> Listed entries:
*** Begin section ***

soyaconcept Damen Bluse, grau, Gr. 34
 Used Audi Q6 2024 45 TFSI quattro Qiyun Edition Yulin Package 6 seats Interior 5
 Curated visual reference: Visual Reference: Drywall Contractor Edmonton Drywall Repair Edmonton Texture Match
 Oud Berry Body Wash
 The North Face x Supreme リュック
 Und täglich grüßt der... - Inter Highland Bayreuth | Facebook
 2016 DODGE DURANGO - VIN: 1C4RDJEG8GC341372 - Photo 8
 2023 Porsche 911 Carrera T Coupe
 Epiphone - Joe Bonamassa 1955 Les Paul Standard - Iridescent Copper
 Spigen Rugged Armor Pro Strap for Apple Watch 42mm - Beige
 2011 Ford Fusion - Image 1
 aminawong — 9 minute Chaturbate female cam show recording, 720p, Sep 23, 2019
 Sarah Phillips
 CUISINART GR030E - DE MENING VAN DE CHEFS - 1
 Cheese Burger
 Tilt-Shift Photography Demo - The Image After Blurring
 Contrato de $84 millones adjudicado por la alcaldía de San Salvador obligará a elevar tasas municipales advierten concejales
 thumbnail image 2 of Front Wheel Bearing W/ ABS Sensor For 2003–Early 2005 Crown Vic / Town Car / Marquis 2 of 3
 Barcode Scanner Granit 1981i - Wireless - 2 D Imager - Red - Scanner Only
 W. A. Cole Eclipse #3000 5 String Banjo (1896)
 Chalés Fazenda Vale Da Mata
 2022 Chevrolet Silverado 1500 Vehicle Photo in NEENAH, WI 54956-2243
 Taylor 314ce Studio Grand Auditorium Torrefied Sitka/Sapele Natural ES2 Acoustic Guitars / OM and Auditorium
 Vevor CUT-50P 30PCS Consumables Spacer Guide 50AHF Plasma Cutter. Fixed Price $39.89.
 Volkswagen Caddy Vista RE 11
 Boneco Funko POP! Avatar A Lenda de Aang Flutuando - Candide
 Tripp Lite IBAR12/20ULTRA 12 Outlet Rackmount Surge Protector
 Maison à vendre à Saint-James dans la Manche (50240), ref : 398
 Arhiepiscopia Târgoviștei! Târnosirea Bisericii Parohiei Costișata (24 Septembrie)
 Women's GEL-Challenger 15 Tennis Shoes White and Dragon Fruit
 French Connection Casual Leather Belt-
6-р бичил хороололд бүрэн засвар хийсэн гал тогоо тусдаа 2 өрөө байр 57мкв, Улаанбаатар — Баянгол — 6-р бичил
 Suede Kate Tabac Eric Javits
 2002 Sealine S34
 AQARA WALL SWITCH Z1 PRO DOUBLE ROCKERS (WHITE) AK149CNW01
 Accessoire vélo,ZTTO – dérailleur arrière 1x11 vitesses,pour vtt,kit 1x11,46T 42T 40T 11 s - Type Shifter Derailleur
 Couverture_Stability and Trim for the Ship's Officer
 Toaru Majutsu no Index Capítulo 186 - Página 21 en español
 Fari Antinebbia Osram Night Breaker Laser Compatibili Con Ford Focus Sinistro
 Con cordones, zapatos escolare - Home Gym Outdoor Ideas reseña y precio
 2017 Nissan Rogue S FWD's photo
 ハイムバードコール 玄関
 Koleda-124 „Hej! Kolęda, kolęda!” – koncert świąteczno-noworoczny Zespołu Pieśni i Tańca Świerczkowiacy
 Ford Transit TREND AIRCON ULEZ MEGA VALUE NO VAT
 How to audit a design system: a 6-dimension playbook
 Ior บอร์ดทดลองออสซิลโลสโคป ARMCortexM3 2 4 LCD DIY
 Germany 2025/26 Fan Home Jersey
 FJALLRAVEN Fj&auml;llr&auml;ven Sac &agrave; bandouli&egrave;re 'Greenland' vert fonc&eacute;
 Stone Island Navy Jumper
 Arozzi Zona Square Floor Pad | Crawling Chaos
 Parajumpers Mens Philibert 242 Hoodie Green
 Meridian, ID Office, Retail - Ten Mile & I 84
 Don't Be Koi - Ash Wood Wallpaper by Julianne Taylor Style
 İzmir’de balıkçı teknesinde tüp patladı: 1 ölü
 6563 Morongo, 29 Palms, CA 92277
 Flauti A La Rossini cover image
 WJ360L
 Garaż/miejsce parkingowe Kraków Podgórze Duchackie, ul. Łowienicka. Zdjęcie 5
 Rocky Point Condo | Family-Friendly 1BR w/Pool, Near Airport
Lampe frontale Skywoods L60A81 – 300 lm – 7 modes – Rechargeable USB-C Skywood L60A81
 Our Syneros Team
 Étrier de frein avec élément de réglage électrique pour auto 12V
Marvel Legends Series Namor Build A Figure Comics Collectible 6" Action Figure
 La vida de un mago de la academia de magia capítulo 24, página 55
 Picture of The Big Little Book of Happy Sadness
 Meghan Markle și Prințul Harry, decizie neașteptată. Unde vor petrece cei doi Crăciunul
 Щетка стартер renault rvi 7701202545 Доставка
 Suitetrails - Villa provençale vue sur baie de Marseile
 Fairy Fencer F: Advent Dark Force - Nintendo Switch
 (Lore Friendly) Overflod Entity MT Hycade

*** End section ***

> Exercise brief: Your answer must consist solely of the lines above between the line holding "Women's GEL-Challenger 15" and the line holding "Meridian, ID Office, Retail", inclusive, copied exactly.

> Solution to the exercise:
 Women's GEL-Challenger 15 Tennis Shoes White and Dragon Fruit
 French Connection Casual Leather Belt-
6-р бичил хороололд бүрэн засвар хийсэн гал тогоо тусдаа 2 өрөө байр 57мкв, Улаанбаатар — Баянгол — 6-р бичил
 Suede Kate Tabac Eric Javits
 2002 Sealine S34
 AQARA WALL SWITCH Z1 PRO DOUBLE ROCKERS (WHITE) AK149CNW01
 Accessoire vélo,ZTTO – dérailleur arrière 1x11 vitesses,pour vtt,kit 1x11,46T 42T 40T 11 s - Type Shifter Derailleur
 Couverture_Stability and Trim for the Ship's Officer
 Toaru Majutsu no Index Capítulo 186 - Página 21 en español
 Fari Antinebbia Osram Night Breaker Laser Compatibili Con Ford Focus Sinistro
 Con cordones, zapatos escolare - Home Gym Outdoor Ideas reseña y precio
 2017 Nissan Rogue S FWD's photo
 ハイムバードコール 玄関
 Koleda-124 „Hej! Kolęda, kolęda!” – koncert świąteczno-noworoczny Zespołu Pieśni i Tańca Świerczkowiacy
 Ford Transit TREND AIRCON ULEZ MEGA VALUE NO VAT
 How to audit a design system: a 6-dimension playbook
 Ior บอร์ดทดลองออสซิลโลสโคป ARMCortexM3 2 4 LCD DIY
 Germany 2025/26 Fan Home Jersey
 FJALLRAVEN Fj&auml;llr&auml;ven Sac &agrave; bandouli&egrave;re 'Greenland' vert fonc&eacute;
 Stone Island Navy Jumper
 Arozzi Zona Square Floor Pad | Crawling Chaos
 Parajumpers Mens Philibert 242 Hoodie Green
 Meridian, ID Office, Retail - Ten Mile & I 84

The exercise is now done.